Anyway, Diary, Dick Cheney said something about spying on people, I didn't quite catch who. I wrote him a letter in case he is doing something wrong, and I showed it to Pat and he made me change it. I had to re-write the whole letter right in front of him -- and he took both copies with him. He said he would give one to Dick Cheney and he would put one in the Intelligence Committee safe. He said he would give me the combination soon, he just wasn't sure I was ready for it yet.


July 18, 2003 Dear Diary,

Dick Cheney is so MEAN! I told him I had to write the letter, because of my constituents and the constitution and stuff and he just got madder and madder. I was going to tell him Pat told me what to write, but I didn't want Pat made at me, too. I told Dick I was sorry, but he said I would have to say sorry to all the people killed on 9-11.


July 19, 2003 Dear Diary,

Pat did not talk to me at ALL today. I wonder what is going on?


Hopefully, that will end all those snide comments about whether a sock puppet would be as good as Sen. Rockefeller on the Intelligence Committee.

 

Battlefront Report

The reek of blood and candy canes wafted toward me and jolted me awake. With dead eyes, I scanned the field, spotted a red hat bobbing along the trench opposite, and thought of taking a shot. Just then, next to me, Smitty fired his rocket-propelled-Nietzsche. Beyond Good and Evil sailed across the battlefield, and fell harmlessly short. A chorus of "Ho, ho, ho"s rose up from the enemy's side. Damn Smitty, for wasting the ammo. Never trust an agnostic, I said to myself, for the ten thousandth time of the war. But I knew, we atheists weren't much in the clinch either.

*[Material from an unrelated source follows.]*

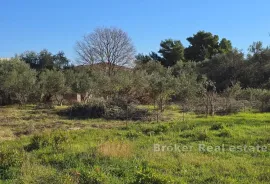 Atraktivno građevinsko zemljište s građevinskom dozvolom, Kaštela, Land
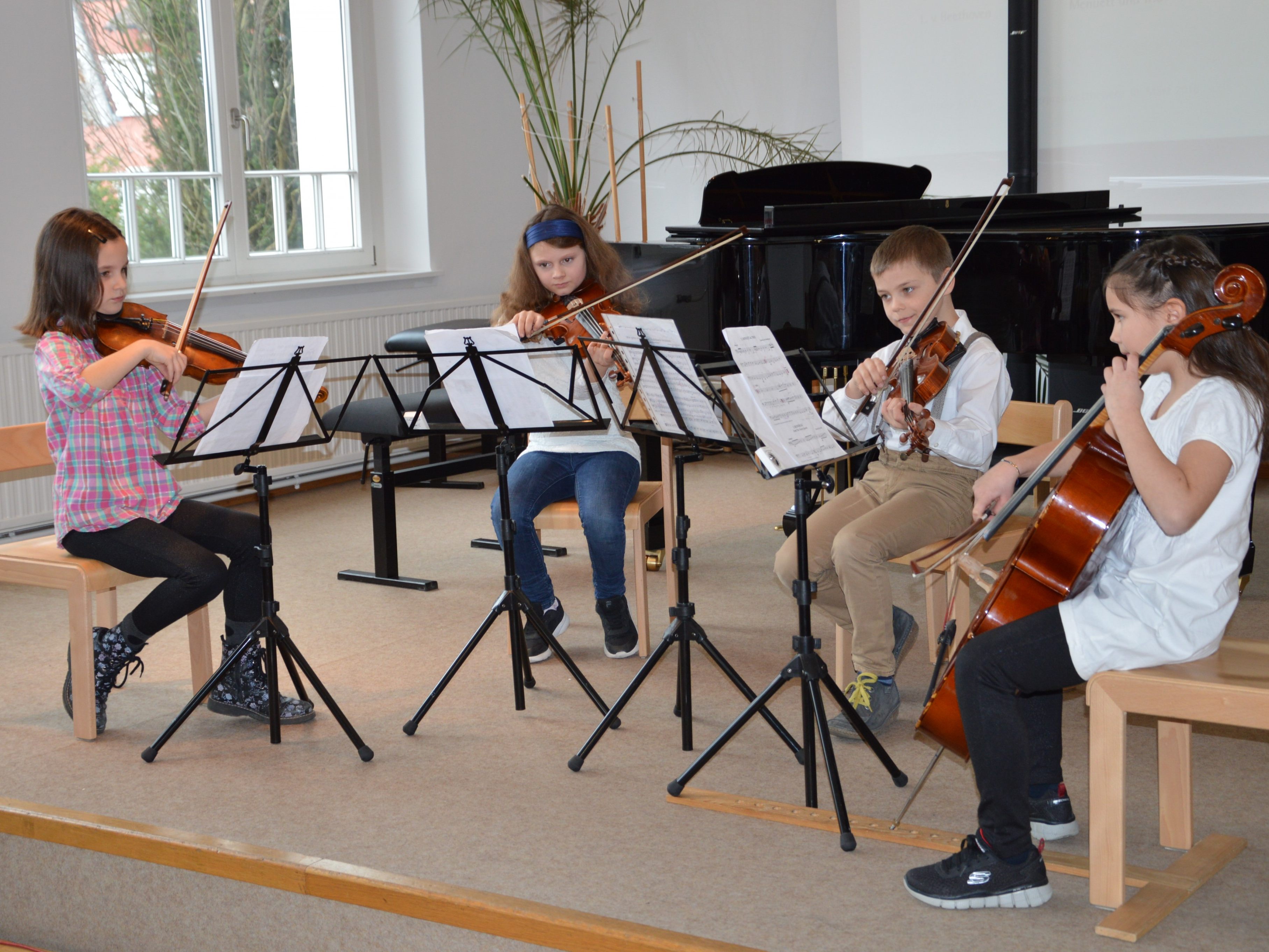 Das Streichquartett "Lu-Na-Va-Li" trat zum Wettbewerb an Das Streichquartett "Lu-Na-Va-Li" trat zum Wettbewerb an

On my left, Jones' corpse gave off a rich cedar smell -- the tree had gone straight through him as he climbed out of the trench for our last charge. The tinsel dangled from his gaping wound, the dull sparkle tantalizing me with thoughts of desertion. "FWOOMP!" -- the familiar, yet always frightening, sound concentrated my mind. "Incoming!" I shouted just as fruitcake mortar round came in. What used to be Smitty disintegrated before my eyes -- gone to meet his Maker, or not.

The fruitcake mortaring meant another charge, I peered over the sandbags and saw the row of jolly red-and-white suits pouring out of their trenches. Our Kwanzaa unit scrambled out of their forward foxholes, the Hannukah and Ramadan launched a coordinated flanking attack, leaving the Atheists, Agnostics, Buddhists, and Hindus to hold the center. I shouted "Happy Holidays!" to rally our forces, but they were too worn out to move. Suddenly, we heard the Festivus horns, reinforcements at last! We sprang forward and charged with fixed First-Amendments directly at their reindeer cavalry. The sound of "Jingle Bells" seemed to come from all sides.